Но пока она ехала, чувство хозяина пересилило в ней. Снопов на поле, не сложенных в скирды, оставалось совсем немного. Если их не собрать, бросить так – пропадут зазря, погниют, сопреют. Нижние снопы в крестцах уже начали преть, теряя спелый желтый цвет; зерно в колосьях, вбитых дождями в рыхлую почву пашни, уже прорастало тонкой зеленой травкой.
Стояла тишина, поля как бы дремали в умиротворенной осенней дреме, глухой гром не ворочался за холмами, не гудели самолеты… Работы осталось на день, прикидывала Антонина, а если поднажать, не пожалеть пота – то и к обеду можно кончить…

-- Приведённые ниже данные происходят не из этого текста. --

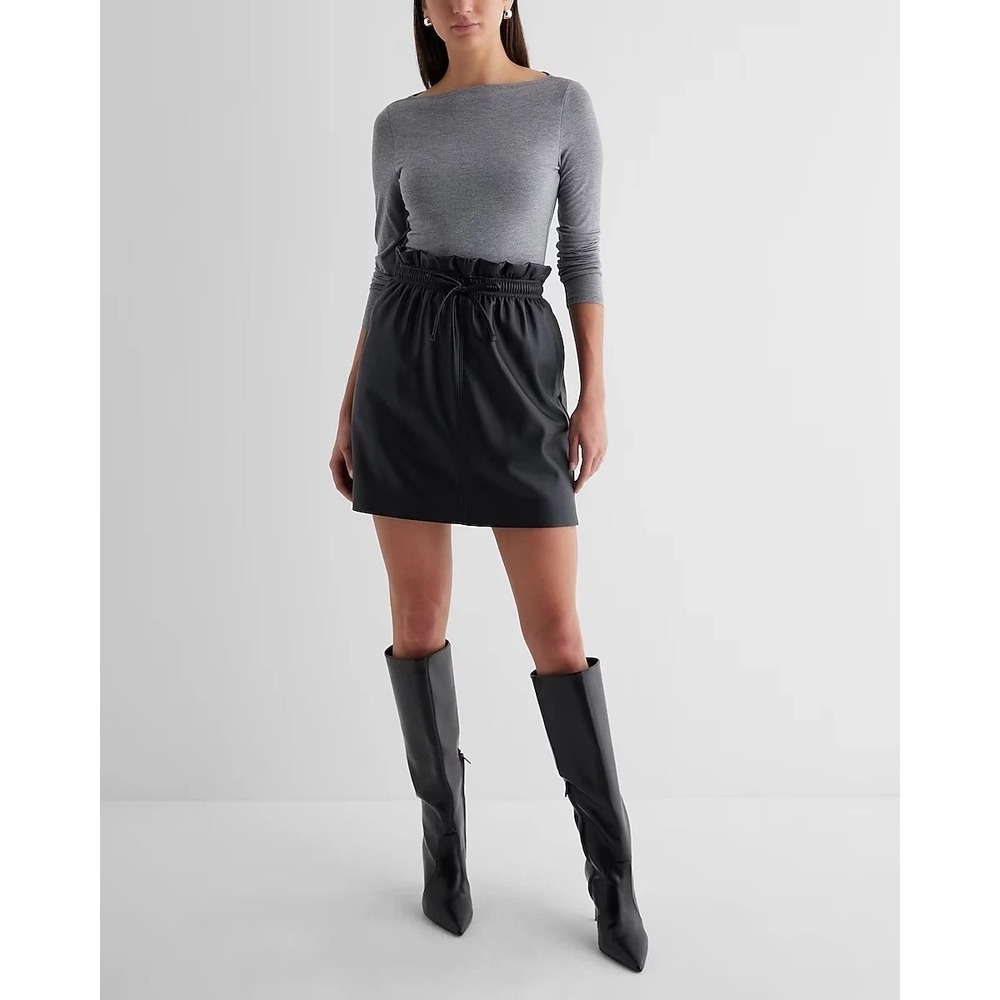 Express Paperbag Waist Mini Skirt Medium Black NWT High Rise Tie Belt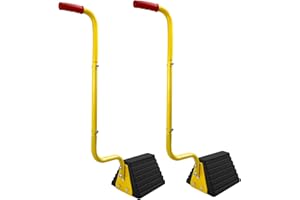 HOXWELL 2 Pack Heavy Duty Rubber Wheel Chock with Handle, Sturdy Solid Anti Slip Wheel Stopper for All Weather Use -Trucks, RV, Travel Trailer, Pop Up Camper Accessory, 2 Pcs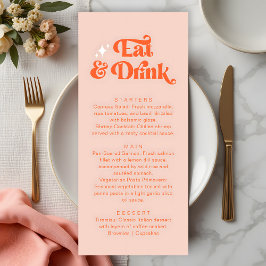 Retro Coral Pink Orange Eat and Drink Wedding Menükarte
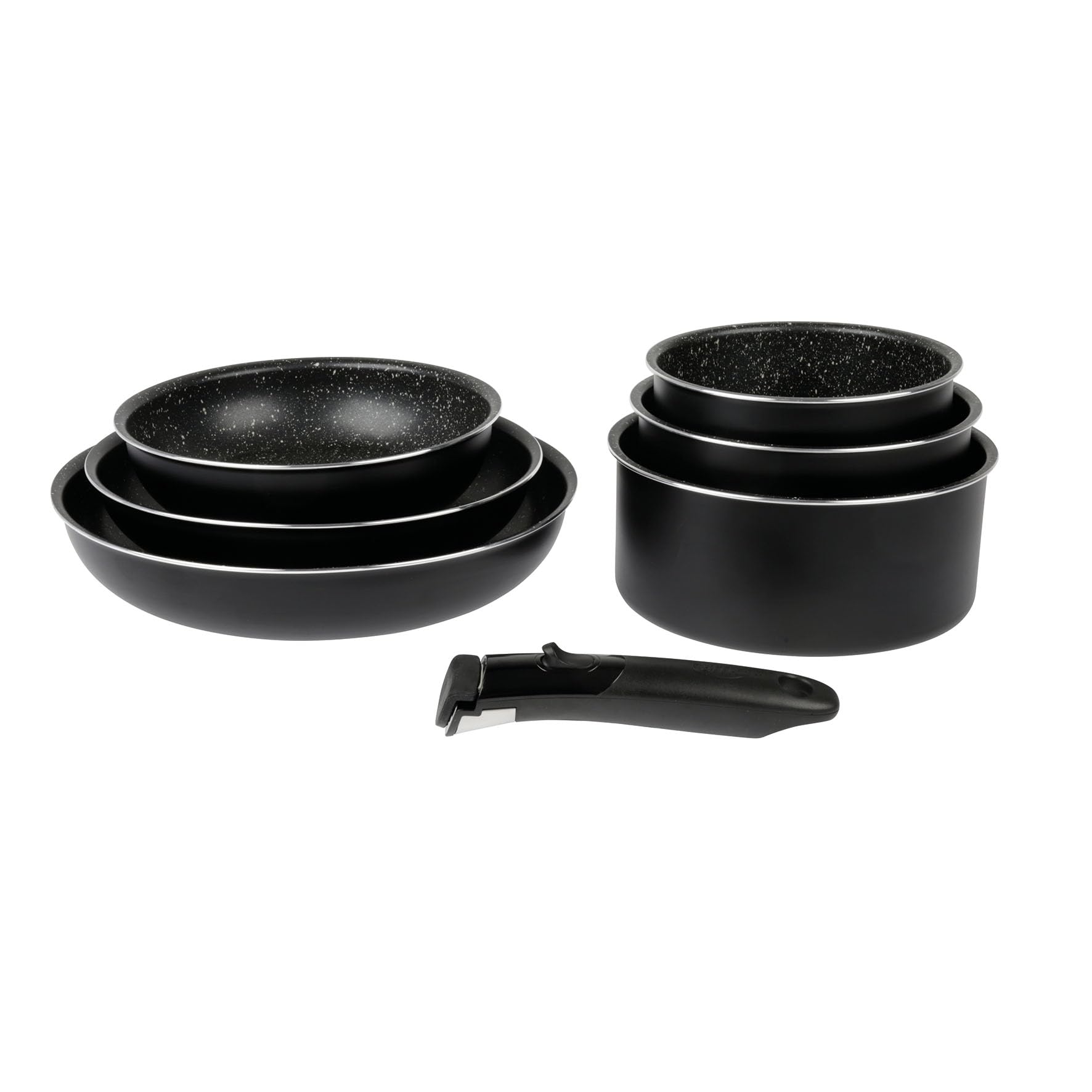 Sitram 716933 naczynia kuchenne 7 szt. Aluminium czarne: zdejmowany uchwyt, 3 patelnie Ø20,24,28 cm, 3 garnki Ø16,18,20 cm - powłoka nieprzywierająca bez PFOA z efektem kamienia - wszystkie palniki, w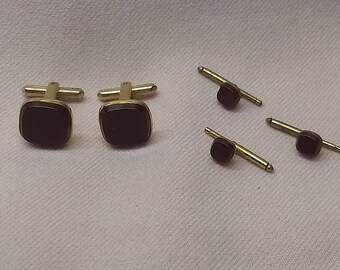 20% OFF SALE Vintage 1940's Hickok Cuff Link Stud Set 5 Pc Deep Red Glass in Gold Metal #B1140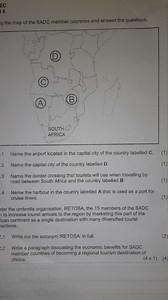 Study the map of the SADC member countries and answer the quest... | Filo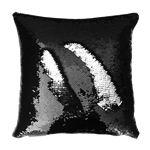 Black and Silver Mermaid Sequin Pillow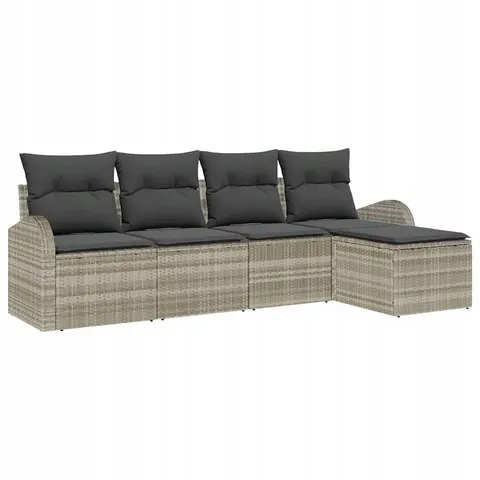 vidaXL Ensemble de Canapés 5 pc Gris clair polyrotin – 349422 – image 1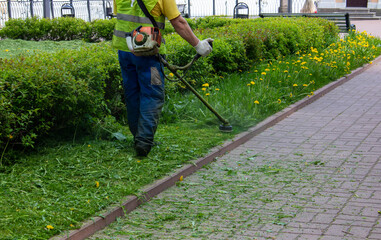 Man mows grass with a gasoline scythe.
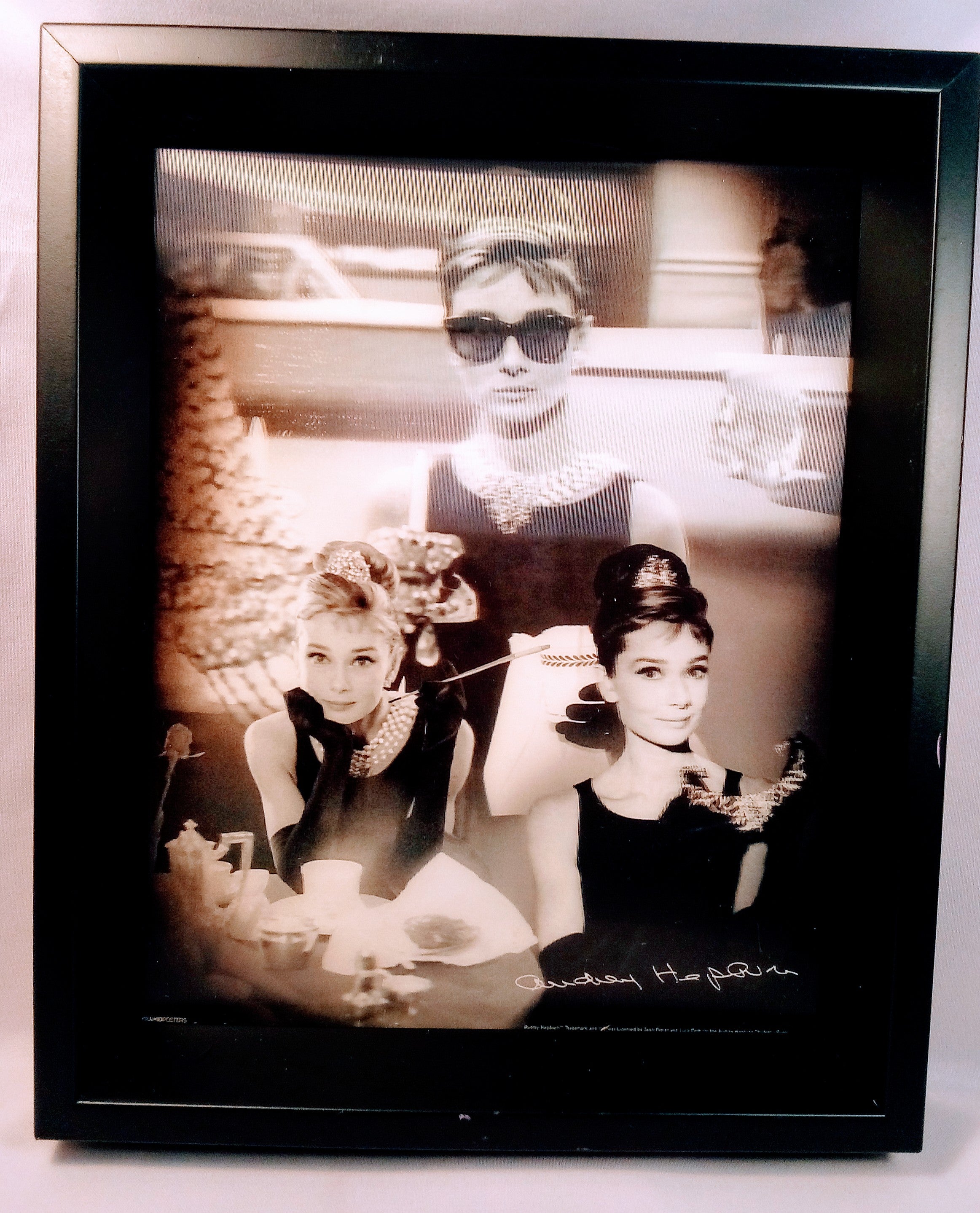 Audrey Hepburn Souvenirs Vintage Photo Portrait, Glam Wall Art Decor Package, 3D Piece for Office Accent - Signed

И, сворачивая с полевой дороги к стану, она решила не говорить студентам ни про ночной грохот на шоссе и отходящие наши войска, артиллерию, покинувшую свои позиции, ни про близость фронта, ни про тревогу на деревне ото всего этого. Очень жалко было ей хлеб, не сам по себе он вырос, не даровым подарком, – в нем были труд и пот деревенских мужчин, где-то сейчас воевавших, чтобы не пустить врагов на эти поля, к этому взращенному ими хлебу, эмтээсовских трактористов, эмтээсовских дизелей и машин, тоже потрудившихся тут во всю мощь своих железных мускулов.
Завидя бричку, парни оставили свою физкультуру, бегом бросились навстречу с нарочито-преувеличенными радостными кликами, завопили еще громче, увидя обилие привезенных продуктов, выхватили пару капустных кочанов и, прыгая вокруг двигавшейся брички, стали кидать их друг другу, как футбольные мячи. Антонины парни-студенты не боялись, она была для них как бы не начальница, могли с ней и пошутить, и поострословить, и подурачиться у нее на глазах, вот как сейчас. Сникали они только перед своим институтским преподавателем, что был к ним приставлен, чтоб держать их в дисциплине и порядке. Звали его Ильей Семеновичем, был он совсем старичок, щупленький, в кривеньких очечках.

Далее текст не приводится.